Brief science lesson: our adrenal glands – located right above the kidneys – produce life-saving, stress-managing hormones like cortisol, testosterone and estrogen in order to battle all of the grief, physical or mental load we experience. Whether it be from working too hard, emotional stress, illness or many other avenues, the adrenal glands have to keep up with the demand we put on our bodies. When they can’t keep the pace we suffer from what’s called Adrenal Fatigue. This causes our bodies to do many bad things including the break down of tissue or muscle to convert to energy, crave more bad foods (seeking the cortisol reaction to insulin), lose focus, become short-tempered, struggle to sleep, suffer from pre-menopausal symptoms (hopefully only for women), have weaker immune systems, lower libidos and many other symptoms. But let’s be honest; I had you at lower libidos, didn’t I?

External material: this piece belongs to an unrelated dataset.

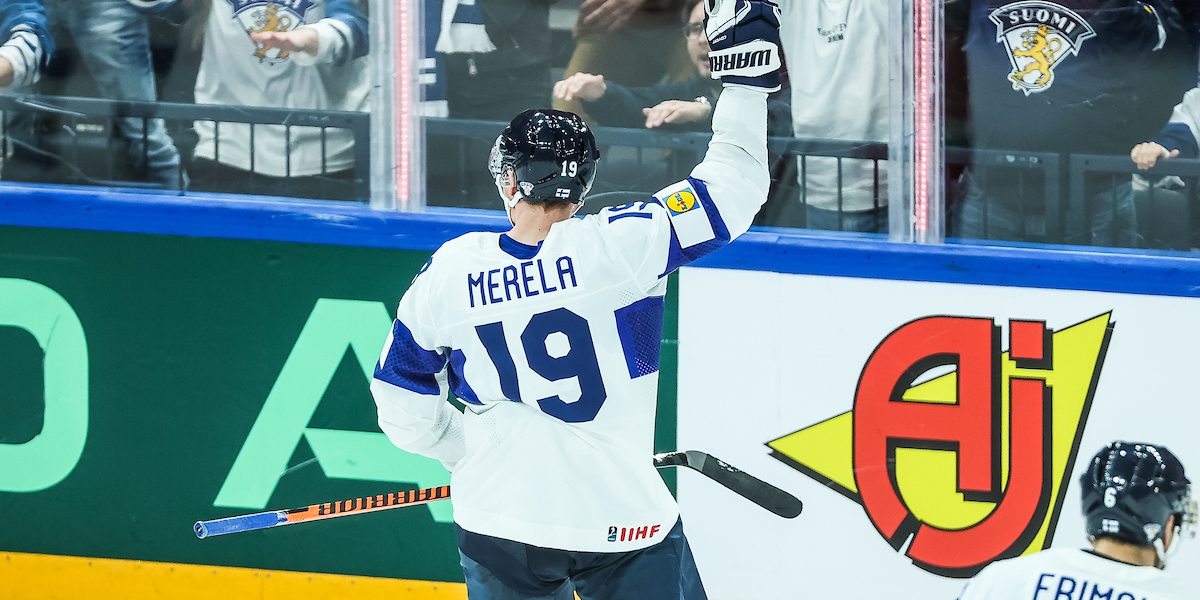 Waltteri Merelä tuulettaa maalia Suomen maajoukkueessa jääkiekon MM-kisoissa, Leijonat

Needless to say, these symptoms lead to more stress, which makes us crave the cortisol stimuli brought on by carb-filled foods and the vicious cycles goes on while our bodies plummet and waste away.

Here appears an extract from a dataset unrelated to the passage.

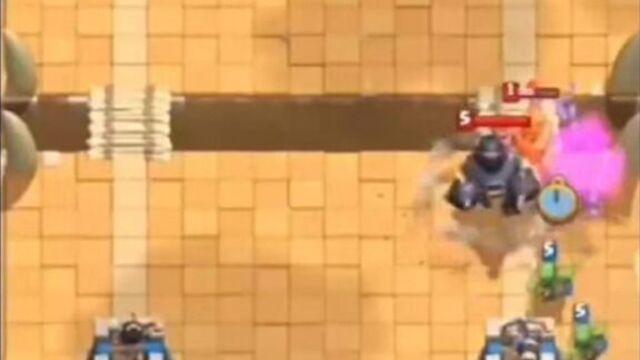 Мегарыцарь в clash royale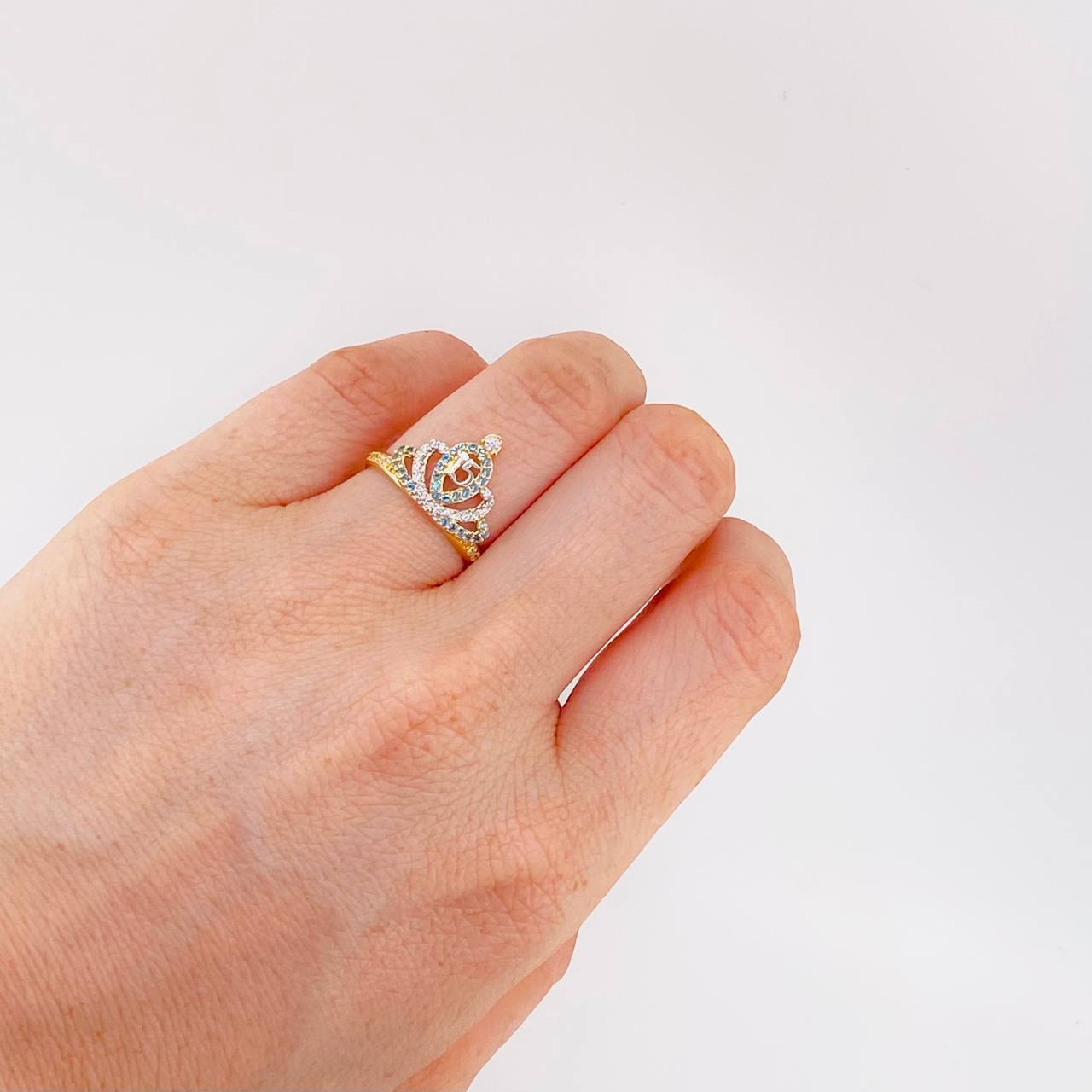 Anillo Corona Quinces 2.75 g / T6 1/4 Oro Amarillo 18K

However, while lifestyle may make it difficult to get the sleep we need on a regular basis (really, who gets 8+ hours of sleep every night?), the key, Doan explained, is keeping our blood-sugar or glycogen levels in a good place as often as possible. This, in turn, prevents a high demand of insulin, which saves our adrenal glands from needing to produce an overdose of cortisol to “catch” the insulin. Controlling blood-sugar levels actually reduces stress and sets our bodies up to crave less unhealthy food as well. Now we will be ready to do stressful things like watching the Canucks play!
When we do feel stressed or exhausted, sitting down with that bag of chips or crying into that bucket of ice cream isn’t actually going to make us feel better. It’s more likely to eventually make us feel worse. And not just in the belly!
When you do hit that craving, find something that is filled with protein or healthy fats. Not only will they fill you up better and longer but, because they take more time and energy to digest, they will prevent an insulin spike and keep your blood-sugar levels in order, sparing your adrenal glands.
You will also be one step closer to a better night’s sleep and a better day when the sun rises once again!